§ DATA PROVIDED:
▬▬▬
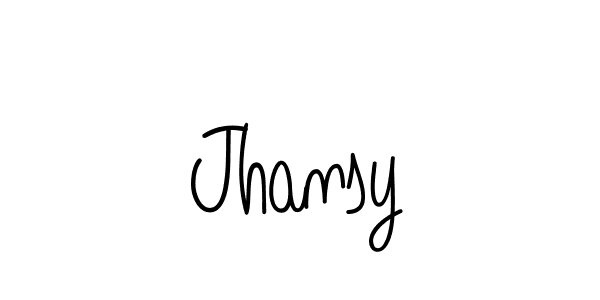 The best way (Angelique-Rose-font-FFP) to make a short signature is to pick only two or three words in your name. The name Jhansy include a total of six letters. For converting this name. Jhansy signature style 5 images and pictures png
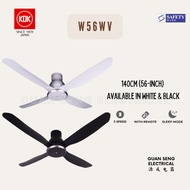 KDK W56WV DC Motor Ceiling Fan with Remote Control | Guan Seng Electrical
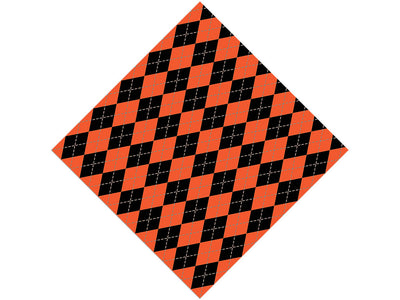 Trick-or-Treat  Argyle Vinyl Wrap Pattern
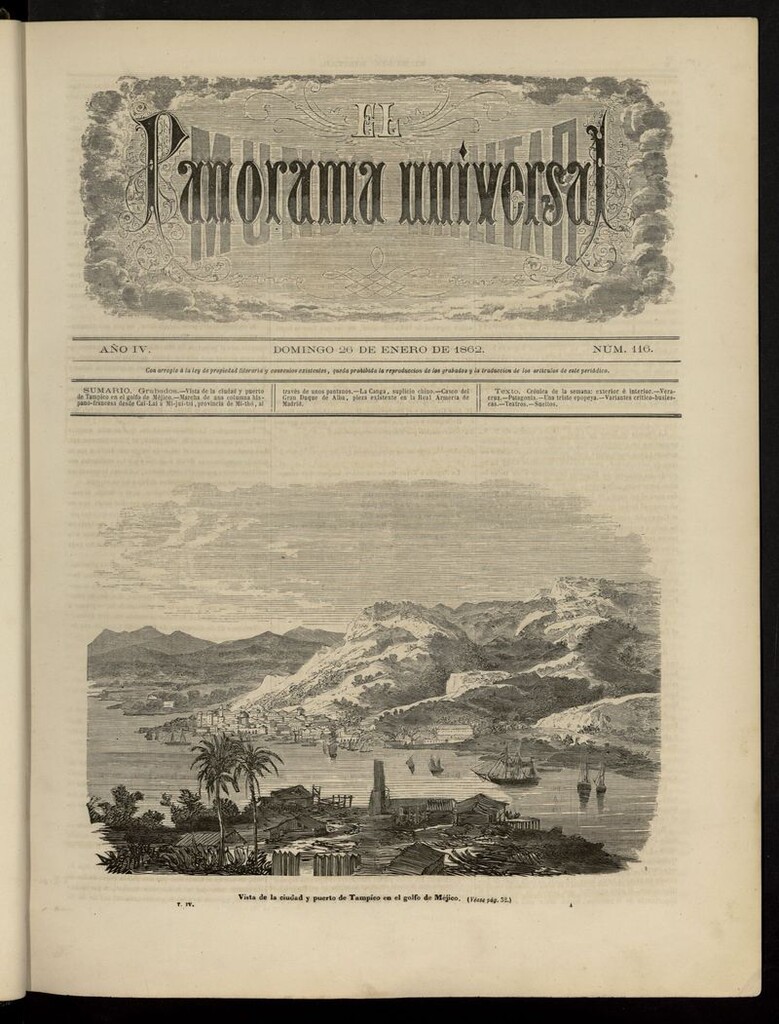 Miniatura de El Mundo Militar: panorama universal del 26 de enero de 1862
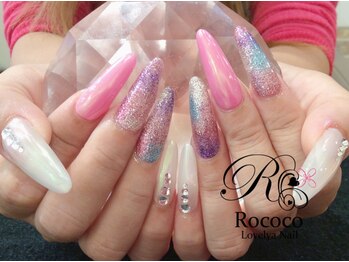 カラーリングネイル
▬▬▬
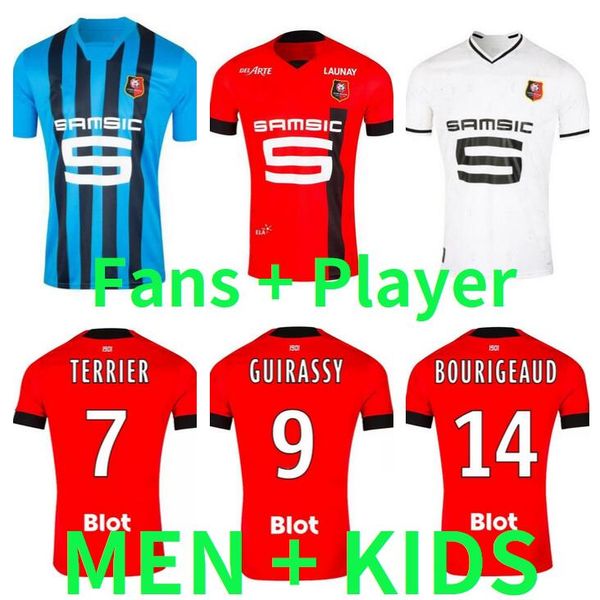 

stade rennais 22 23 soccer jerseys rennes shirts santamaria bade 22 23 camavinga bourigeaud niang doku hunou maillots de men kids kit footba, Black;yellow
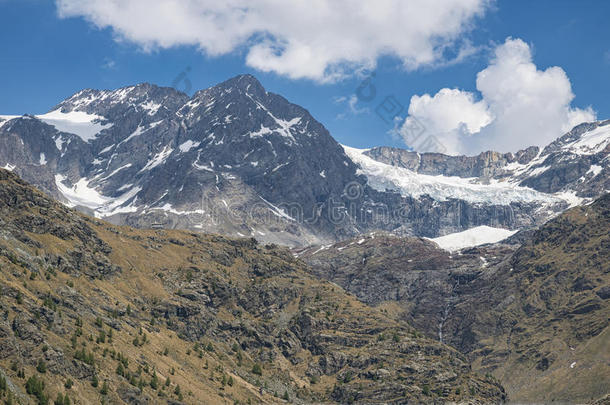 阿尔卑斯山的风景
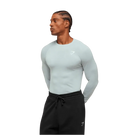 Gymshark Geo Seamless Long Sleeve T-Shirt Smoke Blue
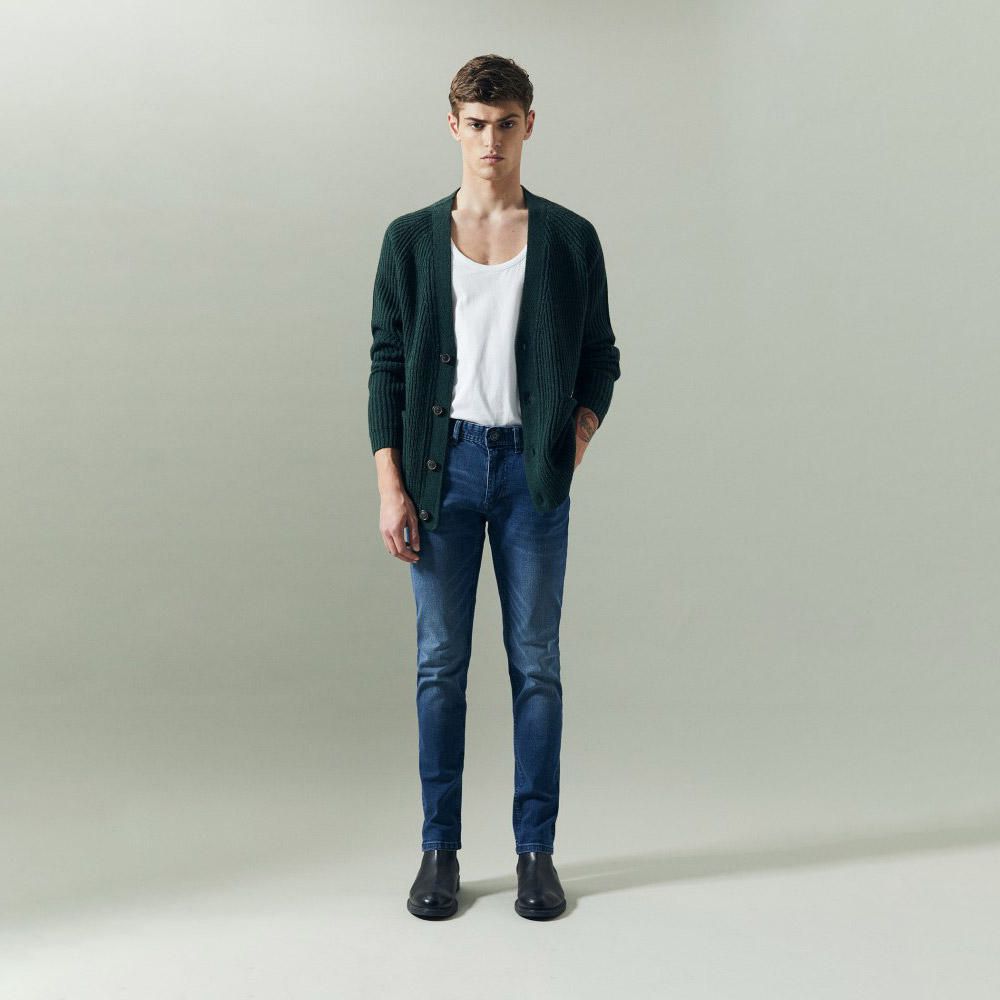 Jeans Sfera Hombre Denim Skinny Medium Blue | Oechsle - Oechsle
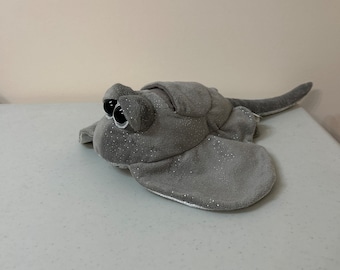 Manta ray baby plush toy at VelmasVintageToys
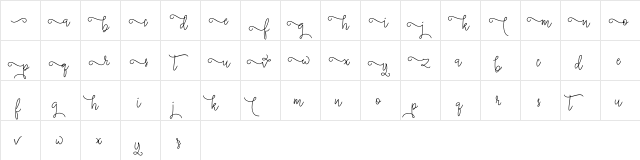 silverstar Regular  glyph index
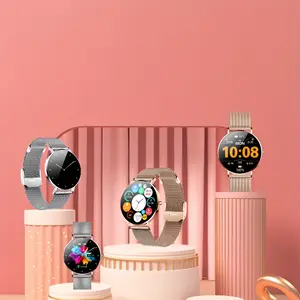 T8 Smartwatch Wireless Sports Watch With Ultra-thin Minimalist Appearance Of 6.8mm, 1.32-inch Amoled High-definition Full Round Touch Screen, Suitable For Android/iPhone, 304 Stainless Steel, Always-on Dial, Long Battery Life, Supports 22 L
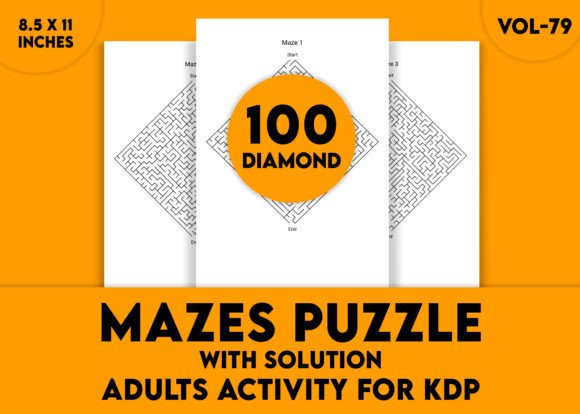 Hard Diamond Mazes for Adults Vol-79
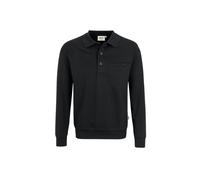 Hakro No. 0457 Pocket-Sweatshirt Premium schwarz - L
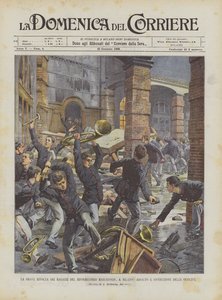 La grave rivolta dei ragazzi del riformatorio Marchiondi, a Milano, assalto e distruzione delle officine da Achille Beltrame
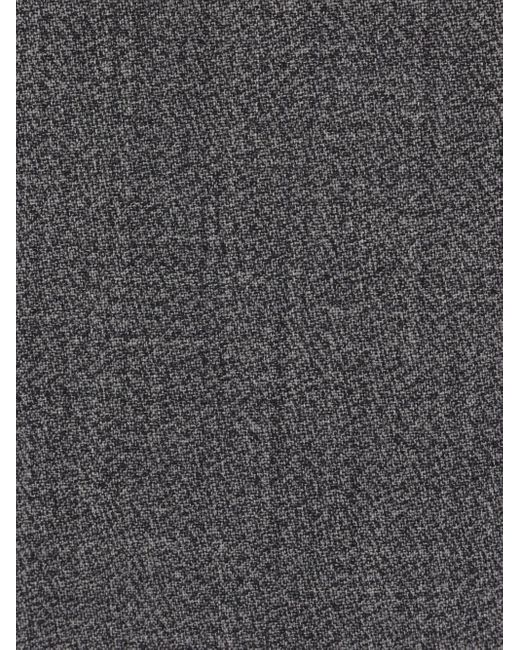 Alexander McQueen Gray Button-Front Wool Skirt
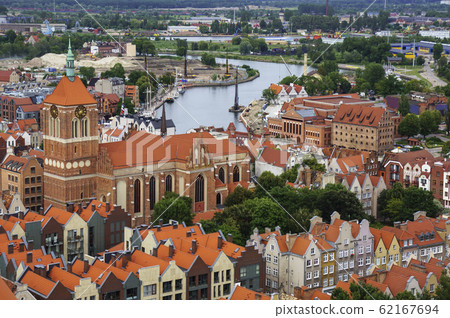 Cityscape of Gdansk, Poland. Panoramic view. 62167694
▬▬▬
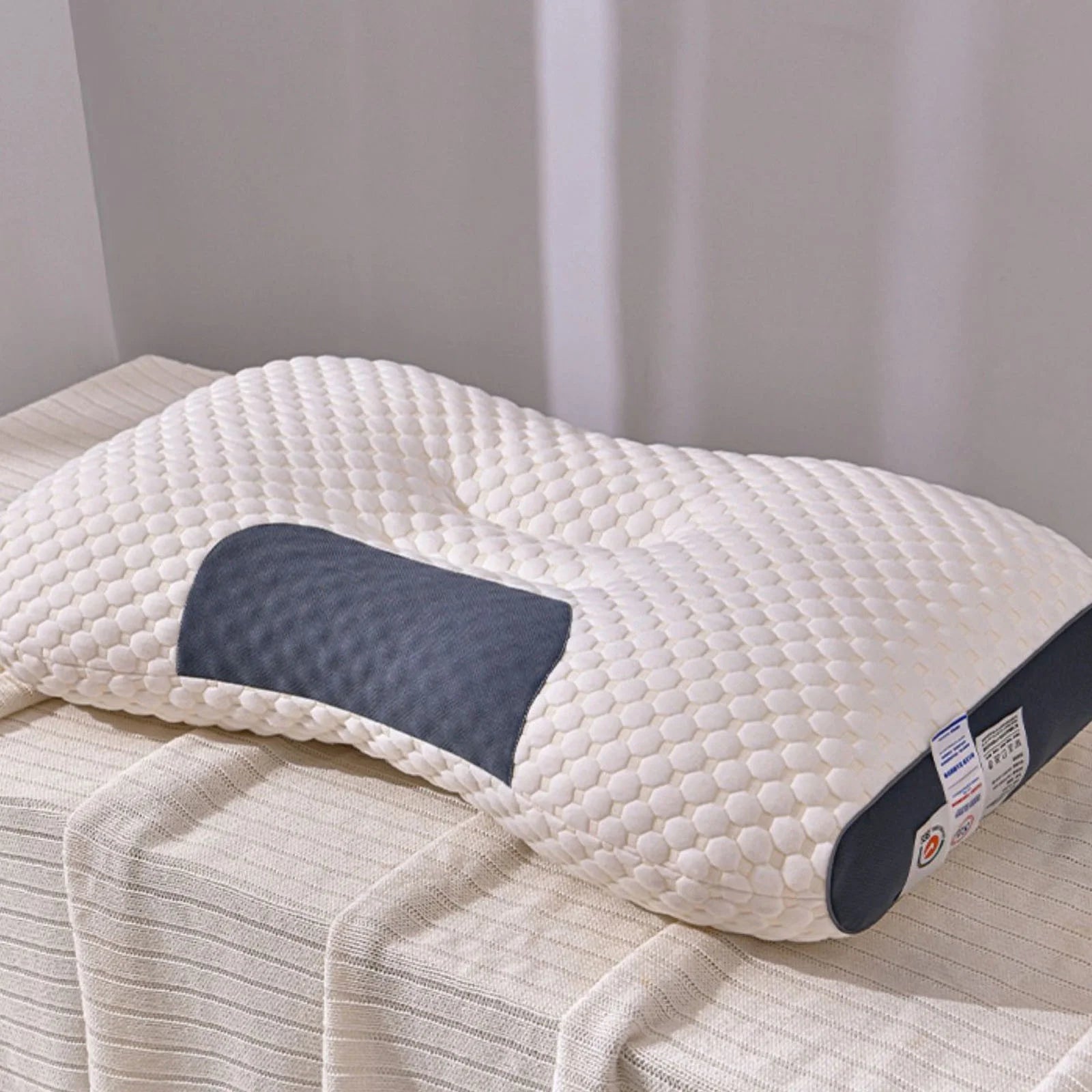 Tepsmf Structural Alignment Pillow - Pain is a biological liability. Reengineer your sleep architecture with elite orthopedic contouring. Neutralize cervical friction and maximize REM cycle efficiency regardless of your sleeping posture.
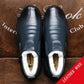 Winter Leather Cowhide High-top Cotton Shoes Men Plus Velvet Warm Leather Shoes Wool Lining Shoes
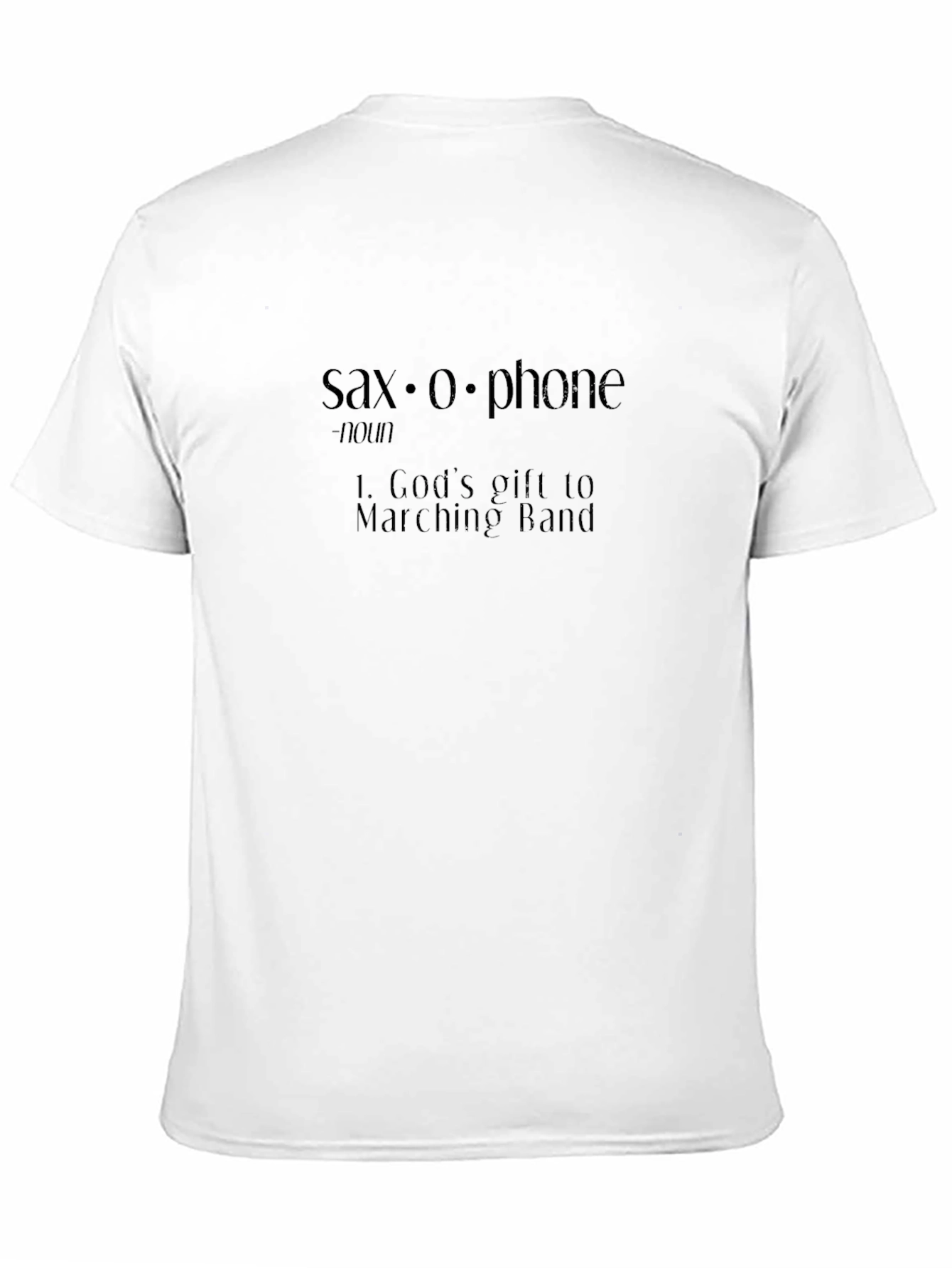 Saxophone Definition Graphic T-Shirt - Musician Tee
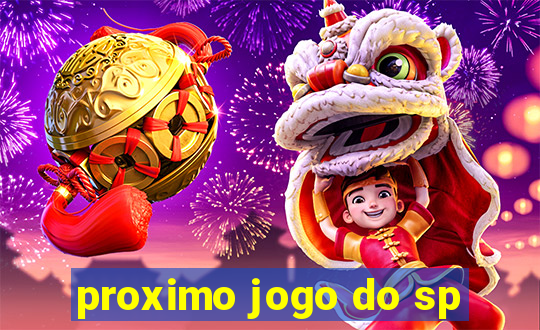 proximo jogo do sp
▬▬▬
§ REQUIREMENT: From the listing above, repeat only the lines between the line containing "stade rennais 22" and the line containing "Cityscape of Gdansk, Poland.", those two included. Pictures are not part of the copy.

§ EXERCISE RESULT:
stade rennais 22 23 soccer jerseys rennes shirts santamaria bade 22 23 camavinga bourigeaud niang doku hunou maillots de men kids kit footba, Black;yellow
 阿尔卑斯山的风景
 Gymshark Geo Seamless Long Sleeve T-Shirt Smoke Blue
 Jeans Sfera Hombre Denim Skinny Medium Blue | Oechsle - Oechsle
 Manta ray baby plush toy at VelmasVintageToys
 silverstar Regular  glyph index
 T8 Smartwatch Wireless Sports Watch With Ultra-thin Minimalist Appearance Of 6.8mm, 1.32-inch Amoled High-definition Full Round Touch Screen, Suitable For Android/iPhone, 304 Stainless Steel, Always-on Dial, Long Battery Life, Supports 22 L
 Hard Diamond Mazes for Adults Vol-79
 Hakro No. 0457 Pocket-Sweatshirt Premium schwarz - L
 La grave rivolta dei ragazzi del riformatorio Marchiondi, a Milano, assalto e distruzione delle officine da Achille Beltrame
 Alexander McQueen Gray Button-Front Wool Skirt
 Cityscape of Gdansk, Poland. Panoramic view. 62167694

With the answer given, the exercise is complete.